Chasing 408
Those nasty random "408 your browser didn't send a complete request" errors should finally be solved. Here's the story.
We first stumbled on random 408 errors at the beginning of the month when Frank was showing us fortrabbit's newly designed landing page. An 408 error came up instantly. We first thought the problem came from a bad wifi connection. However, it occurred again under other conditions, but not on all of our computers and very randomly. Even more annoying, other sites hosted on fortrabbit seemed to be affected too.
What's a 408 anyways?
408 Request Timeout The server timed out waiting for the request. According to W3 HTTP specifications: "The client did not produce a request within the time that the server was prepared to wait. The client MAY repeat the request without modifications at any later time."
So — the browser didn't send a request in time, now what?
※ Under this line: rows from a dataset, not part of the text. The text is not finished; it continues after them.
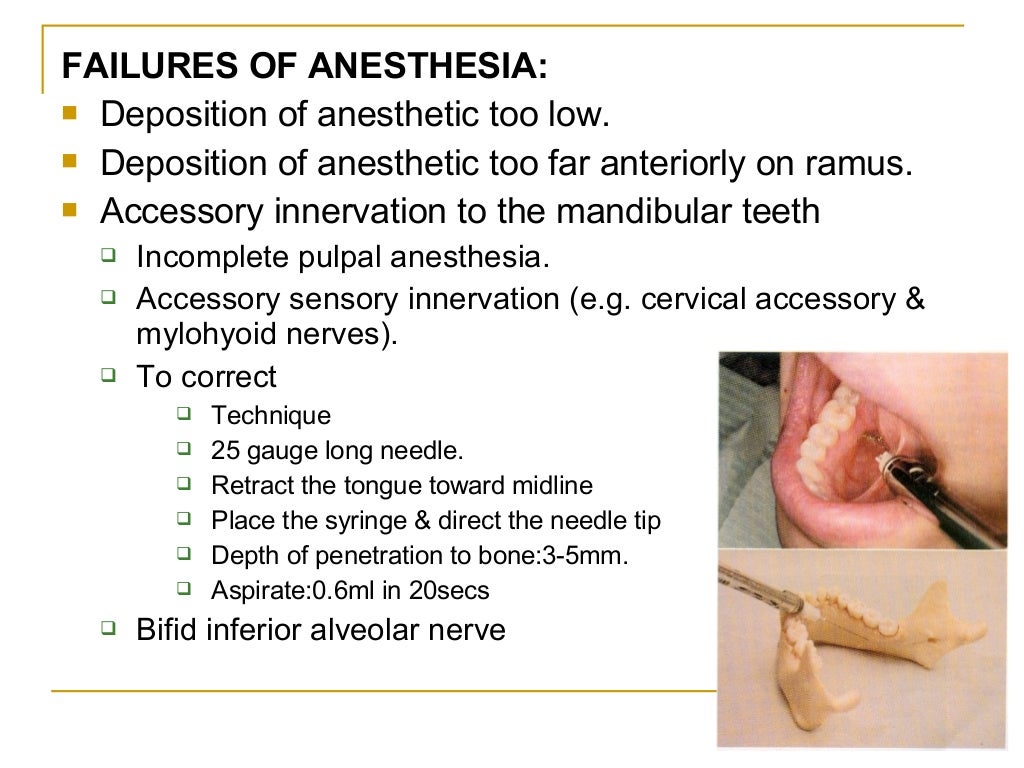 Mandibular Injection Technique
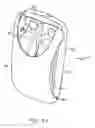 Fig. 04 - Universal dispenser for dispensing of laundry additives during automatic machine laundering of fabrics
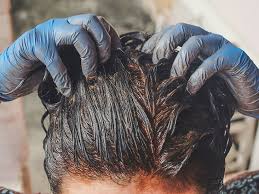 But the ingredients present in the dye can irritate your scalp and lead to an allergic reaction! Natural Hair Dyes 5 Of The Best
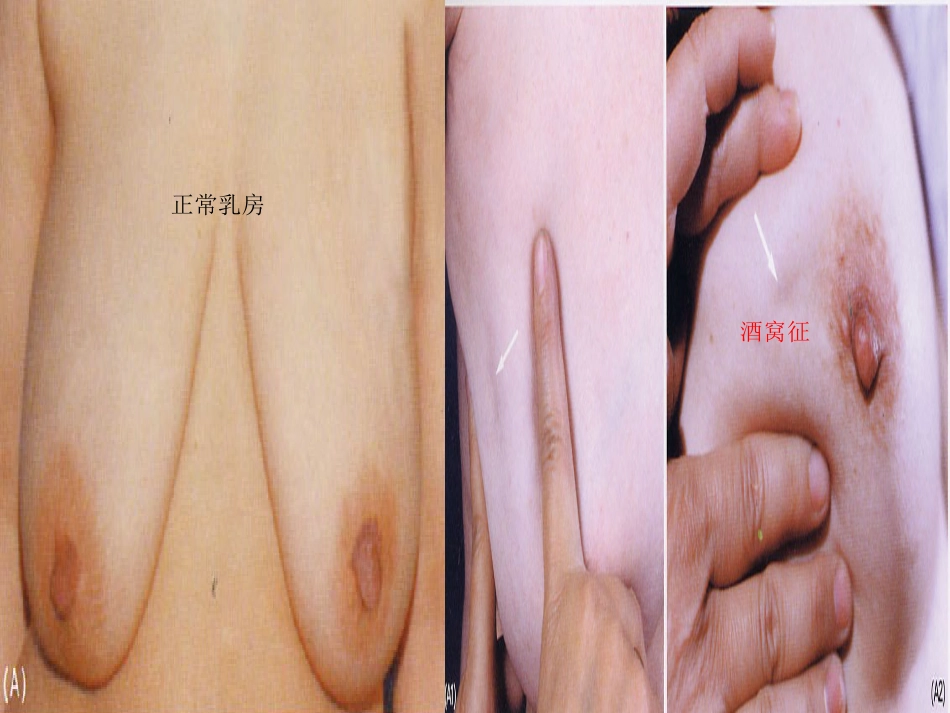 乳腺外科-乳腺_第12页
The errors were not logged by our load balancer
It was quite hard to find what was going on — because the errors occurred very randomly and we didn't saw them in the logs. By then some clients reported the error as well. That pushed us to find a fix quickly. With the help of our clients we collected enough information to find out that the problem was only appearing in Google Chrome - WTF?!#. Other browsers were not affected. Still we couldn't reproduce the issue reliably.
Provoking the error
Finally I found an article about Google Chrome's TCP preconnect feature — this special feature opens connections for every link you're probably going to open to magically speed up things a bit for you. In other words: this smart Google Chrome browser immediately starts a connection whenever you hover a link and are still unsure you might want to click it. BTW: InstantClick is a similar approach based on JS. So the trick to reproduce the 408 error more frequently was to wait before clicking a link! BOOM ! 408 (sometimes). Those silently generated TCP connections are definitely not the normal expected behavior of a browser.
Solving the issue and fine tuning the configuration
Over the weekend, we increased the timeout value that is closing those TCP connections from 10 seconds to 30 seconds. Currently we are looking for the best value that doesn't throw 408 without affecting the load balancer's performance. Thanks again to everyone for reporting.